From the Top, a nonprofit public radio program that has championed young classical musicians for 25 years, will now be moving to North Texas as it becomes part of the KERA public radio station. 

Based in Dallas, Texas, KERA is deeply committed to education as part of its mission, and this acquisition of From the Top will help elevate its current music and education programming, said KERA President and CEO Nico Leone.

Heard on nearly 200 stations across the country, From the Top airs locally on Saturdays at noon on WRR101.1 FM — a station owned by the City of Dallas and that has been managed by KERA since 2023.

From the Top will officially join KERA from May 2026, and will continue to be distributed by NPR.

“We always thought that our best path to growing WRR and reaching young audiences would be to start doing more work in the music education space with partners,” Leone said. “And when this opportunity came about, we just thought it was such a beautiful way of bringing so many different things that we do together to take a great national brand and a program that has an incredible impact to move it to North Texas.”

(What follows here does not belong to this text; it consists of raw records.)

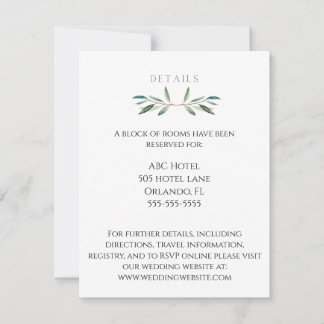 Details Wedding Card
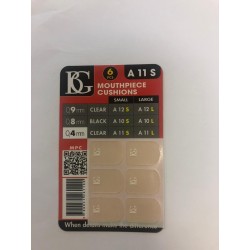 BG BA11S KIT 6 PROTEGGI BOCCAGLIO TRASPARENTI PER CLARINETTO IN SIB 0,4MM (SMALL)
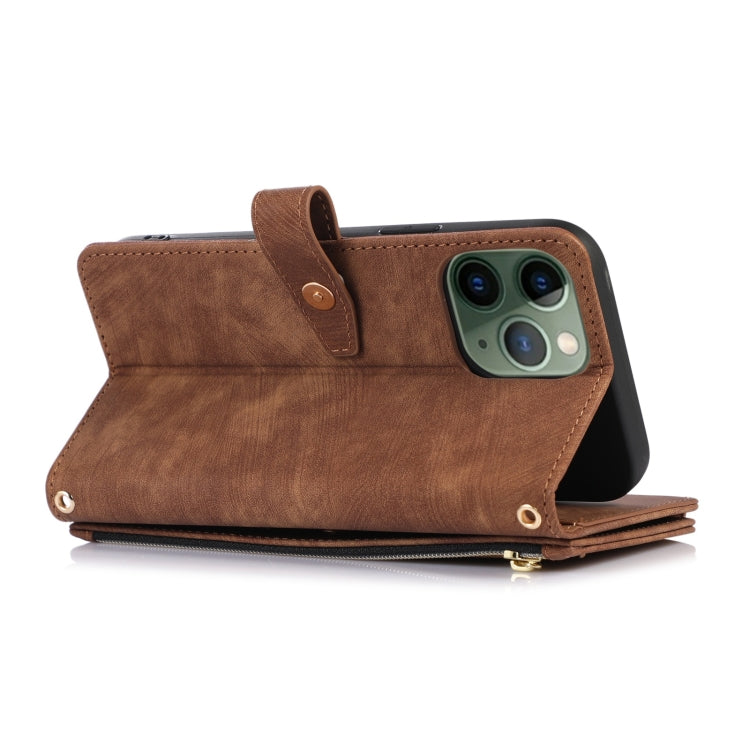 For iPhone 11 Pro Dream 9-Card Wallet Zipper Bag Leather Phone Case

“The more we learned about [KERA] and the ways in which it aligns from mission to programming and then the opportunities that exist within the arts community in Dallas and the new building that's underway, all of that coalesced into view and felt like it could be a really beautiful step,” added Gretchen Nielsen, executive director of From the Top

KERA’s new relationship with From the Top comes after federal funding cuts and the dissolution of the Corporation of Public Broadcasting

“[These factors have] really given us a couple of years to figure out what things are going to look like moving forward,” Leone explained. “We're still going to need help from the community, but we feel really good about where we are and all the ways that people have stepped up.”

“We're not spending a dollar on this acquisition. [From the Top are] essentially folding into KERA,” he continued. “We’re not using any donor money, any campaign money for this. We feel really good about our ability to run it both as a stand-alone business, so it can succeed on its own, and integrate it into our work with WRR, with KERA and with other partners in the arts community.”

This new acquisition comes as KERA prepares for two major projects, including its new building this March and plans to launch a local daily news program in the spring. 

KERA’s operations also include KERA News, KERA-TV, the nationally syndicated podcast and radio program Think with Krys Boyd, the music station KXT 91.7, and the Denton Record-Chronicle.